Zulip Chat Archive

Stream: mathlib4

I'm proving theorem 1 from https://mast.queensu.ca/%7Emurty/monthly.pdf, and I want to generalize it

I'm curious what ingredients are needed for this result. Using the complex numbers feels like it is over-powered

I see. Not sure the norm defined in number theory is relevant here.

Johan Commelin said:

I'm curious what ingredients are needed for this result. Using the complex numbers feels like it is over-powered

It seems quite hard to lower-bound the values of the factors without looking at complex roots

@Daniel Weber By the way, what is your definition of Murty's H?

noncomputable def H (p : K[X]) (hp : p.natDegree ≠ 0) : ℝ :=
  sup' (range p.natDegree) (by simpa) (fun x ↦ ‖(p.coeff x : T) / p.leadingCoeff‖)

I wonder whether it pays off to get rid of hp (using some if .. then .. else)

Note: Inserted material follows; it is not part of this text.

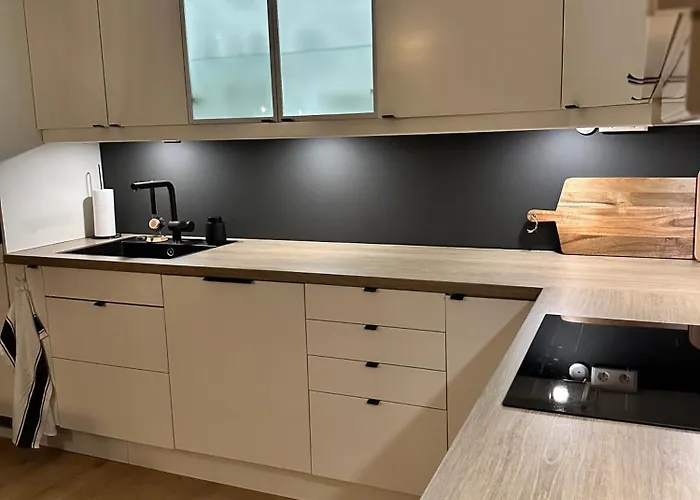 - 2 Bed - Free Parking Apartament Kvaloysletta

I think that's what I'll do in the version I PR, yeah

I commented this on the PR already; but using nnnorm and sup also avoids the need for hp

@Johan Commelin this is a kind of “product formula” proof which requires all places of Q, so I don't see how real or complex numbers can be avoided.

I guess you are right. But where are the p-adic places coming in? (I admit I only thought about this for 10sec)

By the overall use of Int. (Product formula = a non zero integer is at least 1.)

Aha! Thanks

Last updated: May 02 2025 at 03:31 UTC